A decade after she posed with a smart ticket with her face on it, there is no sign of the smart ticket promised. After she increased the price of tickets by half, a fifth fewer Scots are travelling by bus. She cut hundreds of services from train timetables. A promise to replace ferries made a decade ago was never delivered, leaving island communities without reliable services. Half a billion pounds later, the ferries she famously launched with painted-on windows and fake funnels still lay rusting in Port Glasgow while she hands long-delayed orders for ferries to shipyards in Turkey.
All this failure and no self-reflection. The purpose of policy for Nicola Sturgeon has been to deliver a press release, not to deliver for the people of Scotland. She was only ever a politician living in the moment - from selfie to selfie - and as such leaves behind no clear positive policy legacy for historians to discuss.
Sturgeon the Politician
Sturgeon’s real and, unfortunately, lasting legacy comes not from her performance or policy achievements but from her style of politics. Great politicians look to create a new consensus, small politicians see only enemies. Sturgeon has revelled in divisions far too much to ever be considered great.

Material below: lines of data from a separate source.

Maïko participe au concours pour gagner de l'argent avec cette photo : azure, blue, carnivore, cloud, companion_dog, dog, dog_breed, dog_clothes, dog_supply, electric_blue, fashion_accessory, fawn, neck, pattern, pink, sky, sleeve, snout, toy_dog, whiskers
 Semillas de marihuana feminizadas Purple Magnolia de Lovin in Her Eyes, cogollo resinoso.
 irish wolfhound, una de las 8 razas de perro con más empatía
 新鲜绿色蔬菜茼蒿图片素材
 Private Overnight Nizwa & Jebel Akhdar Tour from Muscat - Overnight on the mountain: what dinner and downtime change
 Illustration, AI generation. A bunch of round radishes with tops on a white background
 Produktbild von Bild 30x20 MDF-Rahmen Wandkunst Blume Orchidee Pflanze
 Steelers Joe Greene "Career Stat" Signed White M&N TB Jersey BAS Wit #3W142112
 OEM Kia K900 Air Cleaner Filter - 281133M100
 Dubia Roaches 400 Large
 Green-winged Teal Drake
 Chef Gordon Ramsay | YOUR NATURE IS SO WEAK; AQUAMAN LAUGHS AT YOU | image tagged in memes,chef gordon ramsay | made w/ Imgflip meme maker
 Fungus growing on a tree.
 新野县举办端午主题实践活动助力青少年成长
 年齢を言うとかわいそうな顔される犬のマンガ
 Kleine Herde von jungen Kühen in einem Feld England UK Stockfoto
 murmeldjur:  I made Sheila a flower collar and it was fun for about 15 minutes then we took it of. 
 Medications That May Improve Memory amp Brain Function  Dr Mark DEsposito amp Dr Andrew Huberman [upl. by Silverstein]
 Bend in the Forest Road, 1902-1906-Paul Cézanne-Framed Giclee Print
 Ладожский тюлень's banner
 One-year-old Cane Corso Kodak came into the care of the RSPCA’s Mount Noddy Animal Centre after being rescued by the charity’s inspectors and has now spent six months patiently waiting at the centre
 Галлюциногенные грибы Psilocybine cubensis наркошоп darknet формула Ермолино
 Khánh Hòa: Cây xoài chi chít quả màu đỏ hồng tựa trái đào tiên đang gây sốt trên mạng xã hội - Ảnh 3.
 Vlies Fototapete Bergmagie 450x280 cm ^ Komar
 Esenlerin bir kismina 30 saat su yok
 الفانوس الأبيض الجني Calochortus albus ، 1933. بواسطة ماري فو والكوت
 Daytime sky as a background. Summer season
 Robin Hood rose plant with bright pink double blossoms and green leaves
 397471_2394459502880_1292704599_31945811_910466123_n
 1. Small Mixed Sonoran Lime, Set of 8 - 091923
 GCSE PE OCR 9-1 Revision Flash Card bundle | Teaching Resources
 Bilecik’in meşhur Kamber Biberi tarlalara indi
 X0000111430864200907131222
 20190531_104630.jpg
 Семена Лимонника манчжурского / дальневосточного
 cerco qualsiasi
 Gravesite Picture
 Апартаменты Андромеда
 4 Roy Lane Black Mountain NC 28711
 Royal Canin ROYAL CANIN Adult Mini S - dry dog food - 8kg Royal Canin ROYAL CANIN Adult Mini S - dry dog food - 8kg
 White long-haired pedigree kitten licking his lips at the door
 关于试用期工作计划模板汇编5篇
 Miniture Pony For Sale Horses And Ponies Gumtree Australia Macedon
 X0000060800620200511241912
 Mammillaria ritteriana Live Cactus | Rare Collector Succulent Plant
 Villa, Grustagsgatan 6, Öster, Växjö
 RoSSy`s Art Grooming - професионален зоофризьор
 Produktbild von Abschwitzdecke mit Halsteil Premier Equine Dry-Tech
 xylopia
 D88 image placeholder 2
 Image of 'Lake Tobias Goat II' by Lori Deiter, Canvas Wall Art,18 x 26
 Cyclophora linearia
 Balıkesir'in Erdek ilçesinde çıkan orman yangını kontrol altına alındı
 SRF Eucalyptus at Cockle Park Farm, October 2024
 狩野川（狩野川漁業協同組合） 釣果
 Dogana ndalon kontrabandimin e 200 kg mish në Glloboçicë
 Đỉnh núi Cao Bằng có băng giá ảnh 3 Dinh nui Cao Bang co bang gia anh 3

Under her leadership, Scotland has become more polarised; our debate has become tribal and ugly; our policy deliberations divorced from evidence. She never truly challenged the politics of Salmond where the motivations, ideas, and even the very Scottishness of opponents are to be denied.
In the wake of her referendum defeat, Sturgeon should have reached out to the three-quarters of Scots who want to make a success of devolution. She should have made it clear that we are all equally Scottish and worthy of respect. Instead, she chose to strive for a narrow victory rather than a wide accord. Even the most optimistic of nationalists would have to admit that, after Sturgeon’s leadership, the polls show the best result their movement can now hope for is a deeply divided country. Is that really worth all that anger and antagonism?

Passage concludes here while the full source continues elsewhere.